Harassment and bullying can make for a workplace which many will find unbearable. Abiding by discrimination legislation can ensure that your employees are kept safe.

Harassment in the workplace can be a huge problem for employees, and it is also against the law. As an employer, you are responsible for dealing with any concerns raised by your employees about harassment. Failing to do so could lead to the victim making a claim against you under the Equality Act 2010.

What is harassment?

Harassment is a form of bullying which relates to one of the protected characteristics defined under the Equality Act. Bullying itself is defined as any kind of “unwanted conduct”, which can include a wide range of behaviours.

Unwanted conduct may include:

  • insults or teasing
  • treating someone unfairly
  • spreading rumours
  • denial of promotion, training or other advancement opportunities

Harassment does not necessarily need to be face-to-face. The unwanted conduct could take place over the phone, via email, or even behind a person’s back.

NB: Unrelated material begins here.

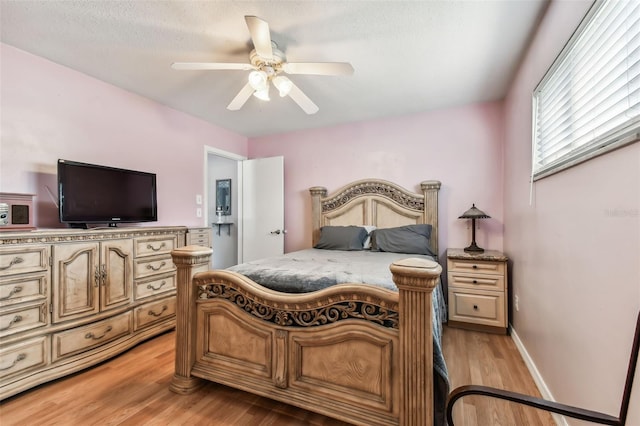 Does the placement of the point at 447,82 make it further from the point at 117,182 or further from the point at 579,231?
the point at 117,182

In fact, harassment does not need to be aimed at a particular individual to affect them; it may simply be that the way other people in the workplace act has the effect of making them feel uncomfortable, embarrassed or afraid. For example, a female employee may feel harassed by male employees making sexual comments at work, even if they are not directed specifically at her.

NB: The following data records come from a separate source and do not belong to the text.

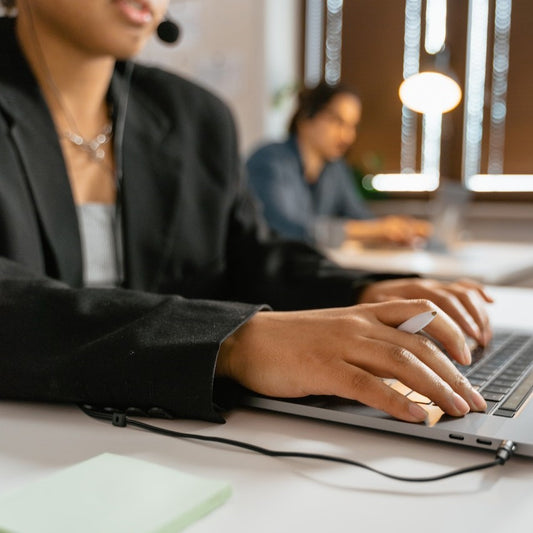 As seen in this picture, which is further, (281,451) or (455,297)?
(455,297)

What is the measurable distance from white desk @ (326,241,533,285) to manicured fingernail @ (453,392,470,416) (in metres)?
1.05

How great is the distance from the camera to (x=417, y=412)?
1.68ft

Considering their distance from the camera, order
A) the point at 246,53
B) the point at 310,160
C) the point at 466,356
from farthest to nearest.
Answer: the point at 246,53 < the point at 310,160 < the point at 466,356

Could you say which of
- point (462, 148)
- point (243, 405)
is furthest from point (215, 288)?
point (462, 148)

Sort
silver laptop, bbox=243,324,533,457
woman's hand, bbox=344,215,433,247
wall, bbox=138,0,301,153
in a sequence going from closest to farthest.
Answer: silver laptop, bbox=243,324,533,457
woman's hand, bbox=344,215,433,247
wall, bbox=138,0,301,153

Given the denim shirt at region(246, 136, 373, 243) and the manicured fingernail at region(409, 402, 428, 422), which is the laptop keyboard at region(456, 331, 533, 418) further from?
the denim shirt at region(246, 136, 373, 243)

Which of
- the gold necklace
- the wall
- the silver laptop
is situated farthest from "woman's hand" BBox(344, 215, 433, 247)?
the silver laptop

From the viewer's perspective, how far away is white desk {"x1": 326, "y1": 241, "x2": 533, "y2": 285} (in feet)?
5.86

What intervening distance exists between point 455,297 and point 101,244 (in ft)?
1.84

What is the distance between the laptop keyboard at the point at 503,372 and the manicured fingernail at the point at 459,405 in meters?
0.03

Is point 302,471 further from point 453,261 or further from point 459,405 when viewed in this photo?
point 453,261

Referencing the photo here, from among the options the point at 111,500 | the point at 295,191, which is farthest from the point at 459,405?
the point at 295,191

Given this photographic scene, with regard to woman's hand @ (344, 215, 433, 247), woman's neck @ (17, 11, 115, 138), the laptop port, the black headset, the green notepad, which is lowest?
woman's hand @ (344, 215, 433, 247)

It is also important to keep in mind that a person does not need to actually possess a protected characteristic for unwanted conduct relating to that characteristic to count as harassment. A straight employee may nonetheless face homophobic bullying from other employees who think or joke that he is gay. Other cases of harassment may be due to a person’s association with someone possessing a protected characteristic – where someone has a family member with a disability, for example. Both of these situations still count as harassment and discrimination, and the affected person could take action under the Equality Act.

Handling harassment

The best way to deal with harassment is to prevent it from happening in the first place. Ensure that you have policies in place relating to employee conduct in the workplace, making it clear what is expected of your workers and what is unacceptable. Not only does this make it clear to employees how they are supposed to behave, it also shows that you have made an effort to prevent harassment from taking place in your company, which can help if a claim should later arise.

As well as policies on workplace conduct, you should make sure that your employees know how they can make a complaint if they are a victim of bullying and harassment. Have a grievance policy in place and ensure that your employees know how and when they can use it. Ensure that you thoroughly investigate any complaints and take action if necessary.

If you are made aware of harassment taking place in your company, you are legally required to take steps to deal with it and can be held responsible if it continues. If you fail to act against harassment, you could be taken to an employment tribunal by the victim.